Government has promised to outsource international markets on behalf of horticulture exporters and also allow them to utilise the cold room at Kigali International Airport for two months without paying storage costs, in a move that could stimulate full utilisation of the Rwf500m redundant facility.
Ndambe Nzaramba, Director General of Rwanda Horticulture Development Authority (RHODA) told Business Times that government is also investigating why the 30 metric tonne capacity facility has been redundant for nearly a year.
The refrigerated facility was launched in May 2007 to facilitate storage of perishable exports and imports
“It has never been used to its maximum.
The facility was constructed upon the request from the business community and it’s in the middle of cargo and transport chain,” Nzaramba said, adding that the facility would resume operations in July this year.
He said the private sector has cited the absence of the international market for Rwandan produce, lack of cargo space and high cargo costs.
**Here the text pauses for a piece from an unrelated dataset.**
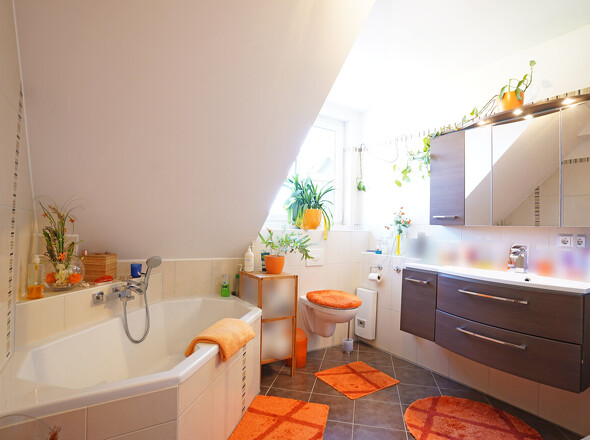 Badezimmer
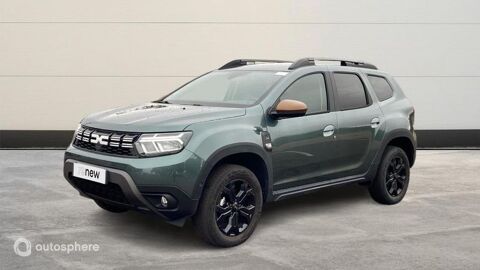 Dacia Duster 1.0 ECO-G 100ch Extreme 4x2 2023 occasion JARNY 54800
Nzaramba said that recently a meeting was held between RwandAir, Rwanda Civil Aviation Authority and potential exporters to discuss how the facility can be fully utilised.
RwandAir promised to increase cargo space in its upcoming aircraft which will operate the Kigali-Dubai route. The move by the national carrier is expected to trim cargo flight costs and also boost horticulture exports.
“Perishable exports need direct flights,” he said.
Studies suggest that cargo flight charges in Rwanda are twice higher than those in other EAC countries like Kenya.
Nzaramba said that SN Brussels, the sole airline that facilitates cargo transportation in Rwanda has only two tonnes of cargo space including passengers’ cargo.
Other strategies to encourage exporters’ use the cold room include training of farmers in global Good Agricultural Practices (GAP), fair trade, organic farming, marketing as well as facilitating them to acquire quality seeds and help them make competitive business plans.